Maar ondertussen rookt nog altijd 19% van de Belgische bevolking, hoe daarnaar kijken? 
Dat is een Belgisch cijfer en al enkele jaren oud. Het is nog even wachten op de nieuwe cijfers van de Gezondheidsenquête van Sciensano. Voor Vlaanderen hebben we nu de zeer recente cijfers van de Preventiebarometer die eveneens door Sciensano werd uitgevoerd in opdracht van de Vlaamse overheid. 1 op 7 Vlamingen rookt nog, zo blijkt, maar bij laagopgeleide mensen is het nog steeds 1 op 5. Stoppen lijkt voor de overblijvende rokers ook moeilijk. Slechts 1 op 4 dagelijkse rokers heeft geprobeerd om te stoppen in de 12 maanden voorafgaand aan de enquête. Bijna 6 op 10 dagelijkse rokers heeft geen intentie om te stoppen de komende 12 maanden. Slechts 17% van de (minderheid van) dagelijkse rokers met intentie om te stoppen in de volgende 12 maanden is zeker tot heel zeker dat dit zal lukken. 1 op 4 rokers geeft zelfs aan niet te willen stoppen met roken. Laagopgeleide dagelijkse rokers hebben nog minder vaak geprobeerd om te stoppen en hebben nog minder de intentie om te stoppen met roken. Als we naar die cijfers kijken, dan denken wij dat we er alles aan moeten doen om deze rokers ervan te overtuigen om méér stoppogingen te doen. Maar we lezen er ook een extra argument in om bijkomend de piste van ‘harm reduction’ - dus het inzetten op veiligere nicotine-alternatieven zoals de e-sigaret om op die manier
ook gezondheidswinst te boeken - serieus te nemen. Omdat deze rokers, die somber gestemd lijken over hun stopgedrag en slaagkansen, hun voordeel zouden kunnen doen met veiligere nicotineproducten en correcte kennis daarover. Zoals ik al zei, wat mij enorm stoort is dat zij vandaag slecht geïnformeerd zijn over deze alternatieven. Ze kunnen daardoor geen goede inschattingen maken en geïnformeerde beslissingen nemen.  
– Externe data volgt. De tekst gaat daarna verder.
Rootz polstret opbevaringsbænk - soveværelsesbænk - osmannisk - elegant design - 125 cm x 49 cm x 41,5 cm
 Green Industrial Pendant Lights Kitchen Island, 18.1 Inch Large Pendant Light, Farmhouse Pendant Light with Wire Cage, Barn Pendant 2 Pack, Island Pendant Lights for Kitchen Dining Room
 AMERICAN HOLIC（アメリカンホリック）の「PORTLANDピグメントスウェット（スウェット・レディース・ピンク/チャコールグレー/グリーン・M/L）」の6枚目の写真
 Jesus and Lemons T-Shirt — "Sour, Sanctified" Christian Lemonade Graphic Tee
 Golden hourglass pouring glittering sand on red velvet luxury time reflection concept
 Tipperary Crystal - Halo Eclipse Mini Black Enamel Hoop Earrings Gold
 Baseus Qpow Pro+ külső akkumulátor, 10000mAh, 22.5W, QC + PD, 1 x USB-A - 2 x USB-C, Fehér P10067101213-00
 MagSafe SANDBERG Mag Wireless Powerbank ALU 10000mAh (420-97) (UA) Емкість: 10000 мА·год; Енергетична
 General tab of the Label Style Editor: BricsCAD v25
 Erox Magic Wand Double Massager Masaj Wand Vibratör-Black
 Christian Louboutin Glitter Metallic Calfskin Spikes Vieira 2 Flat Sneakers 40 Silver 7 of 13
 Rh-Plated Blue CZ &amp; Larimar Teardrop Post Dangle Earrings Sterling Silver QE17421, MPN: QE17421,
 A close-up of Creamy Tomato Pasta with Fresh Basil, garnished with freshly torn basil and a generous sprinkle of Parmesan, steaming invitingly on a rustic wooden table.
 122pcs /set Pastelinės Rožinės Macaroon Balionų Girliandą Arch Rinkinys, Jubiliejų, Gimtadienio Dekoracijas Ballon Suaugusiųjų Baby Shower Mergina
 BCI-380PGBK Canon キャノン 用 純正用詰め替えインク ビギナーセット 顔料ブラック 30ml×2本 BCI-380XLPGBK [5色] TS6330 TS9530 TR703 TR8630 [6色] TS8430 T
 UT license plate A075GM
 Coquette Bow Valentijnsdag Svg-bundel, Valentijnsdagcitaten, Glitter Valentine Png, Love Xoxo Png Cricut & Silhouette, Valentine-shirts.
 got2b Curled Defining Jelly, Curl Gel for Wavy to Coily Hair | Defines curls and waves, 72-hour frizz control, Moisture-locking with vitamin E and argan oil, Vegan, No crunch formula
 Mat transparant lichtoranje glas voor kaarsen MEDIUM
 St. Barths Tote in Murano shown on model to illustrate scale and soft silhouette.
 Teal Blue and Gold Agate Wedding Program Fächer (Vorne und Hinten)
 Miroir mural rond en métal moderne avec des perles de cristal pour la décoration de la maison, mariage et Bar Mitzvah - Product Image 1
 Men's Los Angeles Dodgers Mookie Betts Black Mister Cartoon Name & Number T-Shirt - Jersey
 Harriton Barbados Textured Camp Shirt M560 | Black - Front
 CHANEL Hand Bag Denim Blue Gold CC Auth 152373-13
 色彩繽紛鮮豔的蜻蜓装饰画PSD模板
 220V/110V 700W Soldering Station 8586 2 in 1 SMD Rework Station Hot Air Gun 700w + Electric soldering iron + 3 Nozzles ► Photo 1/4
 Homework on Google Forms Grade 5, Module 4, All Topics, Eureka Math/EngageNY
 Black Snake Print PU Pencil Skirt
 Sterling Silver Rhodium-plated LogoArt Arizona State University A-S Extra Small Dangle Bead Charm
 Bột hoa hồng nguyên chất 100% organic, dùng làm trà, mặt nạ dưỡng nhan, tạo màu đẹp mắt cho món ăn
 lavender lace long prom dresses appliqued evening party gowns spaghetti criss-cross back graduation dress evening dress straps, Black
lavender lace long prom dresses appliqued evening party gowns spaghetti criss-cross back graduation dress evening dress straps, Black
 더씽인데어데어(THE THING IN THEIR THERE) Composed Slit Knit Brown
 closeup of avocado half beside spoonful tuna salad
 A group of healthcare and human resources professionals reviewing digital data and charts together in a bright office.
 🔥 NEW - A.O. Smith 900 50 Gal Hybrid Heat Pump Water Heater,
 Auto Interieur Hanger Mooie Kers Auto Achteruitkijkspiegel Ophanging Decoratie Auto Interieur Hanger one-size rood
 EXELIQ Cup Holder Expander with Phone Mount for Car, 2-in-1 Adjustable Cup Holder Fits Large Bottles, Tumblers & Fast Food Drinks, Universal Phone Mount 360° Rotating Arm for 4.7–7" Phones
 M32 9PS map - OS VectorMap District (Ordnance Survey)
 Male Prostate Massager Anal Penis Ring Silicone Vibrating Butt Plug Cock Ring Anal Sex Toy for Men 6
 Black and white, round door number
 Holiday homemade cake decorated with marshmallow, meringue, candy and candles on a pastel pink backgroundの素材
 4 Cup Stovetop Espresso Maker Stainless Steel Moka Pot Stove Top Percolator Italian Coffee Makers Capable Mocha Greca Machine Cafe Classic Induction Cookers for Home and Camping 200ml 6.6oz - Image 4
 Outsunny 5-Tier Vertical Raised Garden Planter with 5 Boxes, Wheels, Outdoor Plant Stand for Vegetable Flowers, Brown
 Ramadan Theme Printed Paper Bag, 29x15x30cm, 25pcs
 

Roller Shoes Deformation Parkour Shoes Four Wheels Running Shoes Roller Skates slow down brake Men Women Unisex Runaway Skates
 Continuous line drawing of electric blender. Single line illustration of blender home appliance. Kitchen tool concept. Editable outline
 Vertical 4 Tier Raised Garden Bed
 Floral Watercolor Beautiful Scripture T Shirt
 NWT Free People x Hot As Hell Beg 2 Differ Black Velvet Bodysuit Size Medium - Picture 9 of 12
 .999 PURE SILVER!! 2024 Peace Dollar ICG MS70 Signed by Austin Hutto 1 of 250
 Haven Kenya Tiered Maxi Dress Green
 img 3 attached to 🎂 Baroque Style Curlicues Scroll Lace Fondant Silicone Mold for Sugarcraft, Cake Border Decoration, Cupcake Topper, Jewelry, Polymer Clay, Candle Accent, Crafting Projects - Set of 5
Kunnen perswinkels een rol spelen in het verspreiden van correcte informatie naar deze rokers? 
Perswinkels zijn laagdrempelige verkooppunten die volgens mij een belangrijke rol zouden moeten kunnen spelen bij het informeren van klanten. Rokers komen er hun sigaretten kopen. Veel laaggeschoolde rokers die vandaag niets weten over het verschil tussen tabak en nicotine komen er over de vloer. De meerderheid van deze rokers kan niet bereikt worden via de klassieke informatiekanalen. En ook de aangekondigde inserts bij de verpakkingen van tabak en e-sigaret zijn op die uitdaging slechts een beperkt antwoord volgens mij, net als folders, affiches enz. De meerderheid van rokers die nu nog moeten bereikt worden zijn laagopgeleide mensen, mensen in een maatschappelijk kwetsbare situatie … met, zoals wij dat noemen, minder gezondheidsvaardigheden. Dat betekent dat het voor hen niet gemakkelijk is om degelijke informatie te zoeken, vinden, een correcte inschatting ervan te maken en er hun voordeel mee te doen. De Hoge Gezondheidsraad roept in het recente advies over de e-sigaret de bevoegde overheid op om na te gaan welke rol gespecialiseerde verkooppunten zoals vapeshops kunnen opnemen bij het verspreiden van gestandaardiseerde informatie over de relatieve risico’s van vapen tov (niet) roken. Daarbij wordt aangegeven dat krantenwinkels slechts een beperkt aanbod hebben, m.n. de e-sigaretten van de tabaksfabrikanten. En dat ze geen e-sigaretspecialisten zijn omdat ze hun informatie voornamelijk van die fabrikanten krijgen, en verkopers in vapeshops sowieso meer gespecialiseerde kennis hebben. Zelf denk ik dat de krantenwinkels moeten aandringen om hieromtrent een constructieve rol te kunnen opnemen.  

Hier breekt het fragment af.